Gravel driveway owners that live in locations where it snows likely understand that they will inevitably be faced with pieces of gravel spread across their lawn after they’ve cleared their driveway. Whether you’ve cleared snow with a snowblower, shovel, or another type of snow removal tool, the pieces of gravel that have been displaced will need to be returned back to the driveway before spring mowing occurs.
Here are a few steps you should take to remove gravel from your lawn once the snow melts this winter (or spring).

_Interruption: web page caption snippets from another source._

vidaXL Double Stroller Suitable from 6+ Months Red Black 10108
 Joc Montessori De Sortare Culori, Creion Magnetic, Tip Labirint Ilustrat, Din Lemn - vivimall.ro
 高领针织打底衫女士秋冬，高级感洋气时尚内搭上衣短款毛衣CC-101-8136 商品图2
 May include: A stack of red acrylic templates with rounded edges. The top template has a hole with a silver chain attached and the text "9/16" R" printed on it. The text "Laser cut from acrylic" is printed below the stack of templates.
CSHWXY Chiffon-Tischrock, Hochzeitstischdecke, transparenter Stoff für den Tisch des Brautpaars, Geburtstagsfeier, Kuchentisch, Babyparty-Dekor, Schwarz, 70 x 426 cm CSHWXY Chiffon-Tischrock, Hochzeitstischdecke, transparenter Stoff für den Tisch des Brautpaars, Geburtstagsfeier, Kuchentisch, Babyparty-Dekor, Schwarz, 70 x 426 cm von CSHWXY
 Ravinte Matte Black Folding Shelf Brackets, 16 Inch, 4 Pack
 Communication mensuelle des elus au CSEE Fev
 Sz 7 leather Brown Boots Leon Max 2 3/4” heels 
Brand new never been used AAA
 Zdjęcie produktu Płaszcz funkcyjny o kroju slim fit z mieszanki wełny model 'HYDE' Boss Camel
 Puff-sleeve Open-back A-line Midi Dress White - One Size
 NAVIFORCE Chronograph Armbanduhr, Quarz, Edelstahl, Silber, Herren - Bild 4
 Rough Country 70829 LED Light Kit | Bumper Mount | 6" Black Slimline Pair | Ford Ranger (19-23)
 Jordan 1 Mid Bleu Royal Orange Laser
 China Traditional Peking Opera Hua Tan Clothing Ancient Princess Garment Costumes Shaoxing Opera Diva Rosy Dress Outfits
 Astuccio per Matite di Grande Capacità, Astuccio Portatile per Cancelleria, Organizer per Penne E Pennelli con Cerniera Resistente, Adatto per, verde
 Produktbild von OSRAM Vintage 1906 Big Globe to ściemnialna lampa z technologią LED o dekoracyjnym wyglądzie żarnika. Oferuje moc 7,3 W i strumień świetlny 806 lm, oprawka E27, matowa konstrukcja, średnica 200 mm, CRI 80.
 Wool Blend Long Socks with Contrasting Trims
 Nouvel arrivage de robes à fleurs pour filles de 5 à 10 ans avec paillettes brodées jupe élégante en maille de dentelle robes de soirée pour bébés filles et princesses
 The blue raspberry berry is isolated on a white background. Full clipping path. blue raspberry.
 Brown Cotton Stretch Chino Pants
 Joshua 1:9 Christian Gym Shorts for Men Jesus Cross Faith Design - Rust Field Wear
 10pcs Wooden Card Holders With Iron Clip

- Attach a rotary broom to your equipment
- Set the broom height
- Set the broom angle
- Take multiple passes
1. Attach a Rotary Broom to Your Equipment
Whether you own a riding mower, utility tractor, or piece of compact construction equipment, John Deere offers a number of rotary broom options. Thanks to Deere’s quick attachment systems, the brooms can be put on or taken off equipment without the need for tools.
2. Set the Broom Height
You want to make sure you set the broom height low enough to sweep up the gravel that’s sitting down in the lawn. However, be careful to not set the height of the broom too low, as fast rotating bristles could damage your grass.
3. Set the Broom Angle
After you’ve set the broom to a height that will move the gravel without damaging the grass, it’s time to adjust the broom’s angle. Always be aware of the driveway’s location as you’re operating your equipment and keep in mind that the gravel should always be pushed back towards the driveway, where it belongs.
4. Take Multiple Passes
Much like clearing snow from your driveway, you likely won’t be 100% successful in a single pass. If needed, go back over the areas that you’ve covered two or three times to ensure you’ve removed each piece of gravel. Doing so will leave your lawn gravel-free, and you won’t have to worry about gravel damaging mower blades when it comes time to mow this spring.